The St. Louis Cardinals scored an improbable World Series victory on Friday night, beating the Texas Rangers 6-2 in Game 7. Cardinals starting pitcher Chris Carpenter gutted his way through six tough innings, and Mr. October (Midwest version) David Freese did the rest, lining a key two-run double to the base of the outfield wall in the bottom of the first.

Freese’s hit erased an early Texas lead and brought the hometown crowd back to life. From there on the Cardinals gained control of the game, inning by inning and inch by inch, as the Ranger hitters went down quietly and St. Louis took advantage of walks and hit batsmen to pad their lead.

It was a championship made all the sweeter by the fact that St. Louis was ten and a half games out of a playoff spot in August and had to claw back from series deficits in both the division and National League Championship series. At one point in the World Series they were down 3-2 in games. In Game 6 they were one strike away from elimination – twice.

IN PICTURES: Fan Frenzy: World Series 2011

Perhaps no baseball team ever has walked such a tightrope for so long and grabbed a trophy at the end.

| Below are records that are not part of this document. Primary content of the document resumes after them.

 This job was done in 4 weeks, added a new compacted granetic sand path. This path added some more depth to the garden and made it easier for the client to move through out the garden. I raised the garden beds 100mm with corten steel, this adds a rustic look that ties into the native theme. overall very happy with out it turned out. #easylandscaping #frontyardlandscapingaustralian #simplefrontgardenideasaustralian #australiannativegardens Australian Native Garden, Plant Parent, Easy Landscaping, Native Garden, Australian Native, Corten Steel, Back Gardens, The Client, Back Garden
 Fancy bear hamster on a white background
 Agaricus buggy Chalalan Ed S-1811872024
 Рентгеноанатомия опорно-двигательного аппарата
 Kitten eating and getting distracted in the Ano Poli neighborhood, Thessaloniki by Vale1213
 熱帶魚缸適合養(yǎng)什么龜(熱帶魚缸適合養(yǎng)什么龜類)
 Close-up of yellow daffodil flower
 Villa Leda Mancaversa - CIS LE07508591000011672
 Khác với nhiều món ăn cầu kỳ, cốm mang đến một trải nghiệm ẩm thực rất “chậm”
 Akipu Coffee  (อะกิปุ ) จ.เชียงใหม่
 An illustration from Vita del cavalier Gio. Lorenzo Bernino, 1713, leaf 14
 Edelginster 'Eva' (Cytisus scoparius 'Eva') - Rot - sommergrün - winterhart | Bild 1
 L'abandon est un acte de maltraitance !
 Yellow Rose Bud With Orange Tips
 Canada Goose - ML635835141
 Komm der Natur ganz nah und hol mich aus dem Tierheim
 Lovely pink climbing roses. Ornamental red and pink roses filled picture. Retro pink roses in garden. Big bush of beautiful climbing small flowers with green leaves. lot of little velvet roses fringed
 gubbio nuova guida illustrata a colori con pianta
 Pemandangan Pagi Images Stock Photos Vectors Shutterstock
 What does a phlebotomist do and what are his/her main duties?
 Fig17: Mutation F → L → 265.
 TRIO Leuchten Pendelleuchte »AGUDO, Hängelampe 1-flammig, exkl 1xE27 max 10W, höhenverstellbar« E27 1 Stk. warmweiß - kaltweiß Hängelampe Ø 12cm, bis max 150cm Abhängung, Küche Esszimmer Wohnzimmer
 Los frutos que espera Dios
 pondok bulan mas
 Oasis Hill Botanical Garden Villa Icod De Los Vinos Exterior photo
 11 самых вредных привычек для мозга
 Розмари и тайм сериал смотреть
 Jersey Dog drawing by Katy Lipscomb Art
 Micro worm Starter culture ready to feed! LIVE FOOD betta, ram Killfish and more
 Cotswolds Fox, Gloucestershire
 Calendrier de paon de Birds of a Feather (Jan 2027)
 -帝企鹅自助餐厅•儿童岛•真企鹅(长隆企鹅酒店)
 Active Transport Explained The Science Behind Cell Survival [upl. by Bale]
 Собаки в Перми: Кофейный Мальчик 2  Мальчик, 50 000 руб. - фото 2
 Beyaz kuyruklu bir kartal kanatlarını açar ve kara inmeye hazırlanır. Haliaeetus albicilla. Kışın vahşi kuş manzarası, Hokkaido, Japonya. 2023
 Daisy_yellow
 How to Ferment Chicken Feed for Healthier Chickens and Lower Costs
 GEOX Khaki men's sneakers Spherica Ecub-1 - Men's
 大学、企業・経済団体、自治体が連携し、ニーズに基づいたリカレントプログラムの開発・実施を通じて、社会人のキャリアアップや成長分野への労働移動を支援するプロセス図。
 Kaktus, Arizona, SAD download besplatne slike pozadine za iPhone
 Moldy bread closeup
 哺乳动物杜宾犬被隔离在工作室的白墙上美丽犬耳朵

“I think the last month of the season, that’s where it started,” Cardinals superstar Albert Pujols said in the raucous post-game clubhouse. “Different guys were coming huge, getting big hits, and we carried that into the postseason and here we are world champions.”

The narrative doesn’t end there, though. Here are some key questions for fans to ponder as they await free agent King Albert’s decision as to whether he’ll play for the Cubs – or even the Rangers – next season.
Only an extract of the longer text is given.